In merito all’indagine “Guidare il progresso: un nuovo ruolo per gli ingegneri italiani”, abbiamo raccolto il punto di vista dell’Ing. Luigi Ronsivalle, Presidente del Centro Studi del Consiglio Nazionale degli Ingegneri.

Presidente Ronsivalle, quali sono le sue valutazioni generali sulle conclusioni cui giunge l’indagine del Centro Studi?
“Direi che i risultati dell’indagine sono soprattutto la testimonianza di una situazione di grande sofferenza e crisi da parte della nostra categoria. In particolare, colpisce il fatto che le risposte fanno trapelare un sentimento di pessimismo, sia in riferimento ai livelli di redditi raggiungibili attraverso l’esercizio della professione, sia più in generale sul suo stesso futuro. Va sottolineato come la situazione si sia progressivamente aggravata negli ultimi tre o quattro anni. In questo senso, è particolarmente significativo come le risposte che denotano maggiore preoccupazione siano quelle degli ingegneri che operano nel settore civile e dei lavori pubblici, soprattutto se esercitano la libera professione. I dipendenti, invece, mostrano un grado di preoccupazione inferiore”.

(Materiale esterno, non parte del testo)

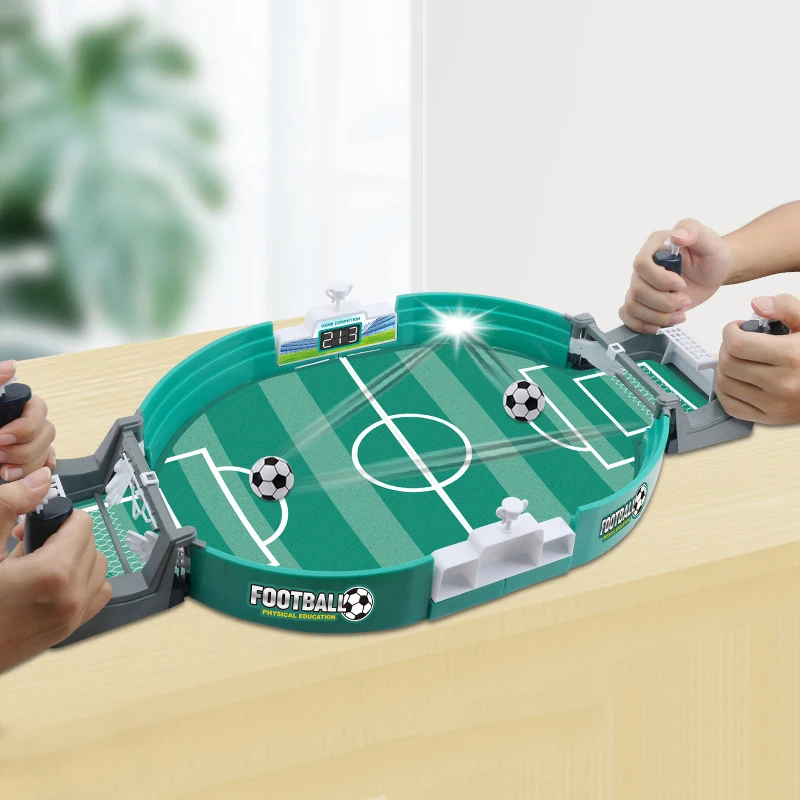 TableFootballGameBoardMatchToysForKidsSoccerDesktopParent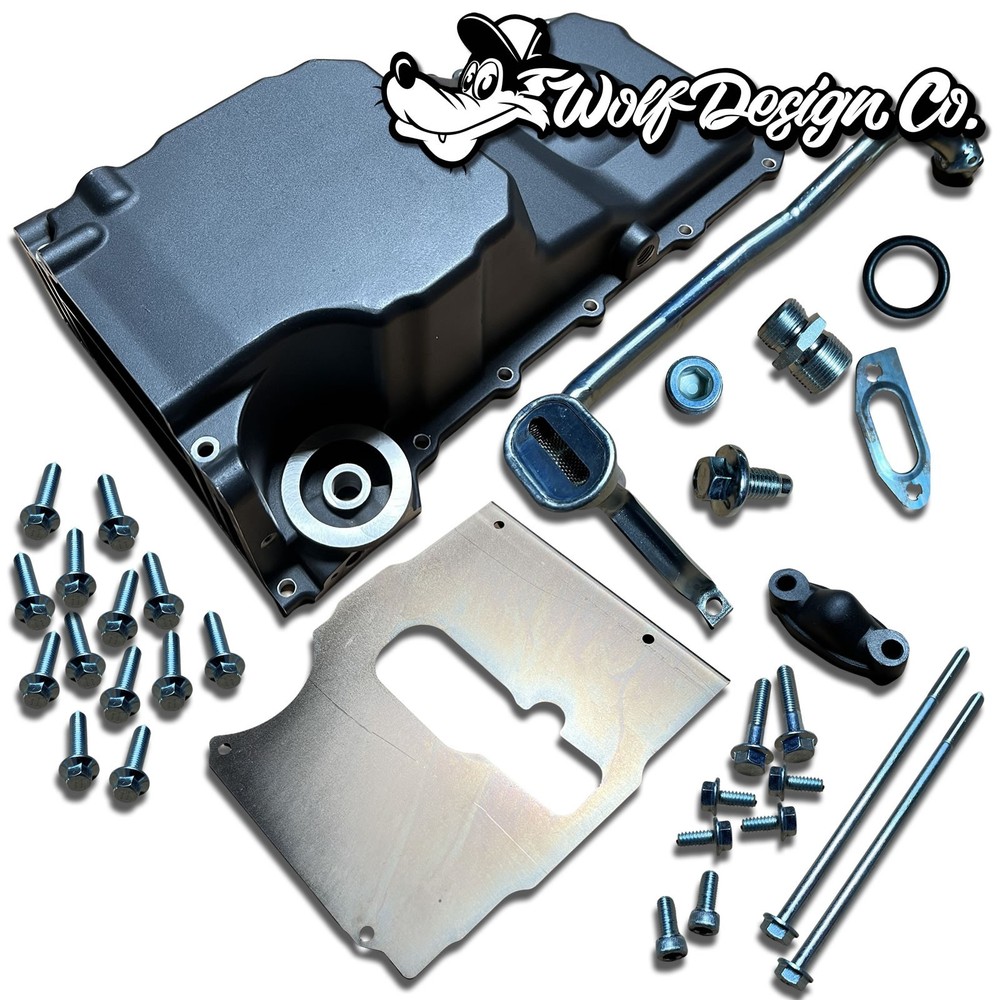 1959-1964 Impala Belair LS Swap Engine Trans Conversion Kit With Oil Pan Headers
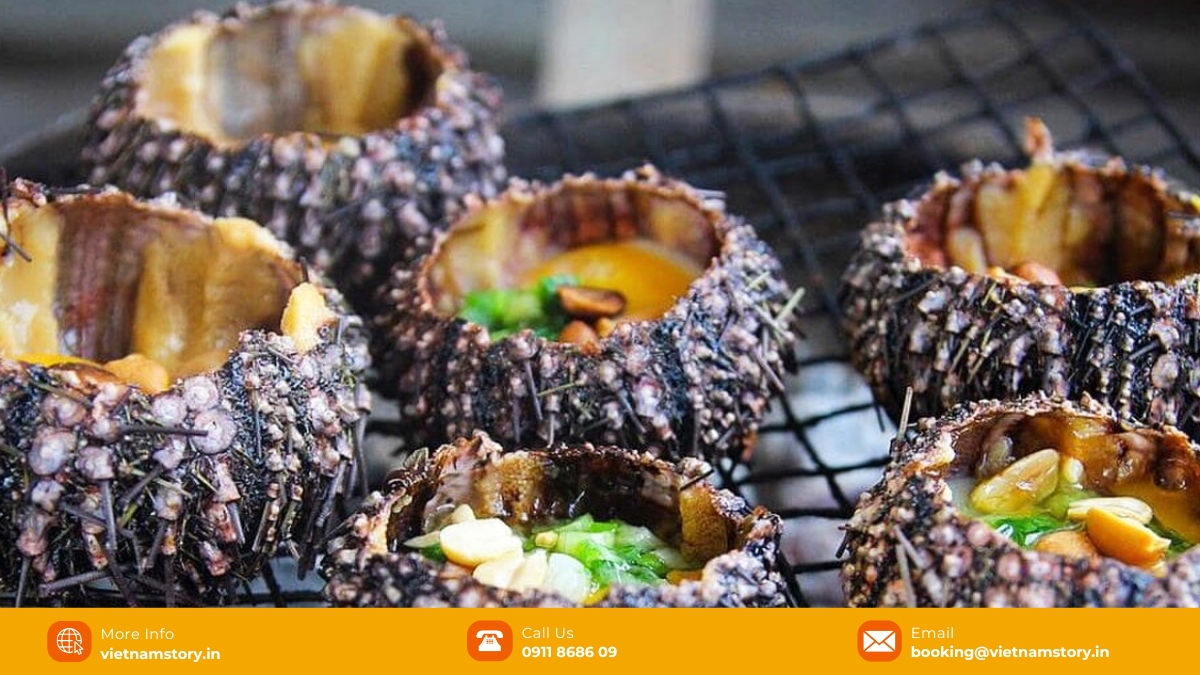 Must-try dish - Grilled Sea Urchi in Phu Quoc night market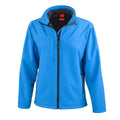 Azure - Front - Result Womens-Ladies Classic Soft Shell Jacket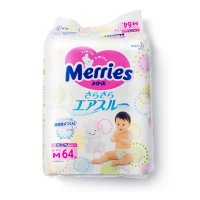 花王（Merries）妙而舒纸尿裤 M64片 日本原装进口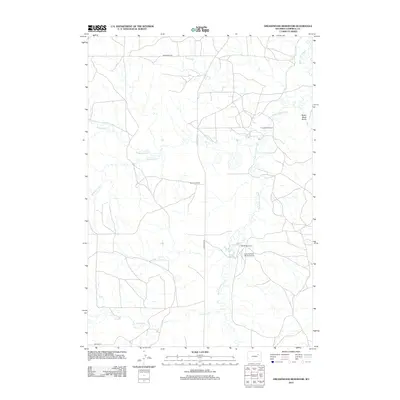 2012 Map of Greasewood Reservoir, 2012 Print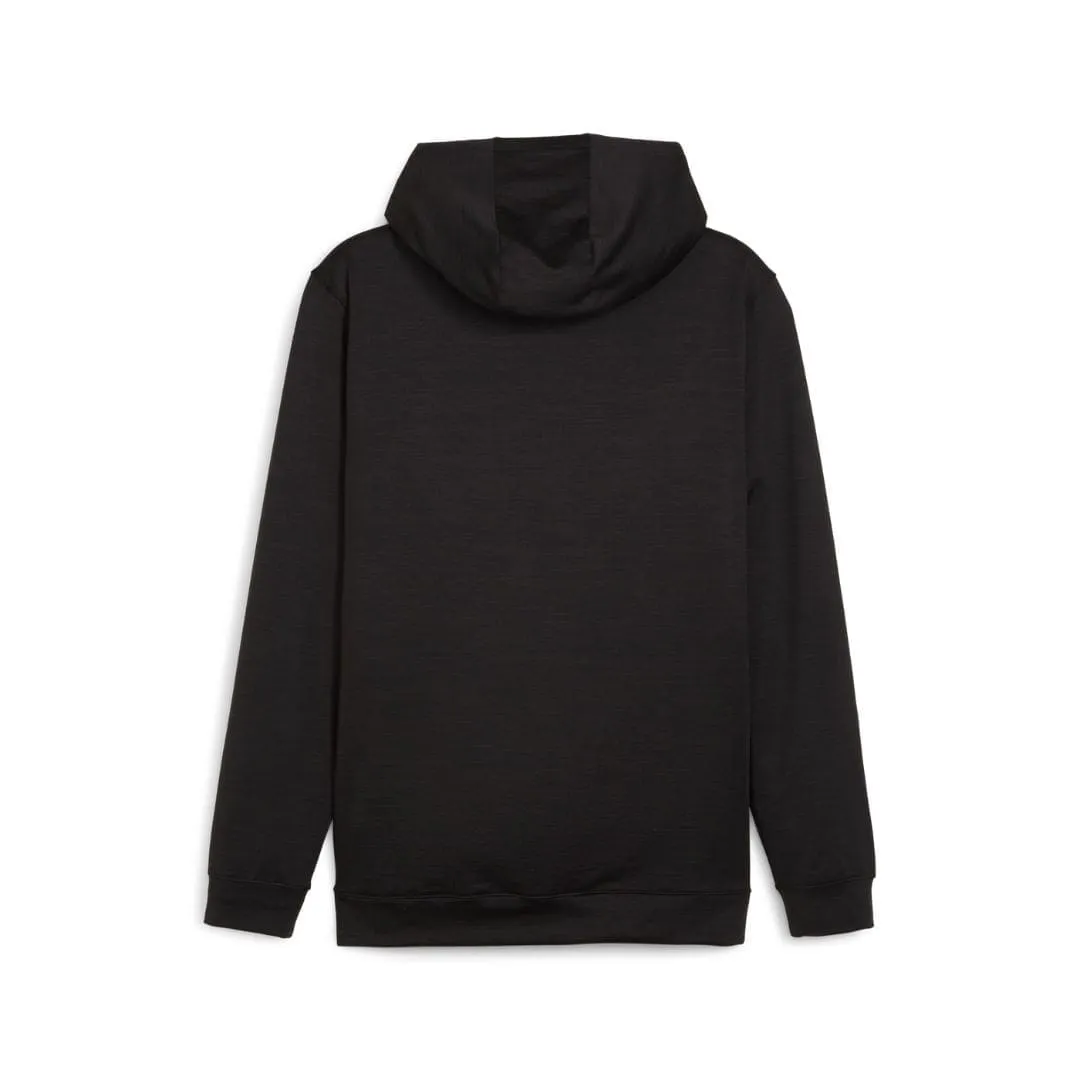 Puma Men's Cloudspun Patch Golf Hoodie (Puma Black Heather)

Nessuna nota di ottimismo in questa ricerca?
“Un dato positivo c’è. Nella stragrande maggioranza, gli ingegneri interpellati hanno manifestato grande fiducia nelle istituzioni di categoria. Mi ha colpito, in particolare, la percentuale di coloro i quali ritengono che debbano essere gli Ordini provinciali a gestire la formazione e l’aggiornamento professionale. E’ il segno che gli ingegneri continuano a percepire positivamente l’attività e l’esistenza stessa degli organismi che li rappresentano”.

Dall’indagine emerge un certo scetticismo nei confronti della politica.
“In effetti da questo studio si ricava l’idea che gli ingegneri non considerino il mondo della politica capace di affrontare e risolvere i problemi del paese. D’altra parte, essi avvertono di avere capacità e competenze da offrire ai politici per aiutarli a individuare soluzioni. Tuttavia, hanno la sensazione che questi respingano l’offerta di aiuto, che tutti i loro suggerimenti cadano sistematicamente nel vuoto. Un esempio significativo è quello della burocrazia. Su quel terreno andrebbero introdotte riforme strutturali e profonde, in grado di incidere su una situazione ormai endemica. Invece ci si limita a singoli decreti di semplificazione che risultano avere sempre uno scarso impatto”.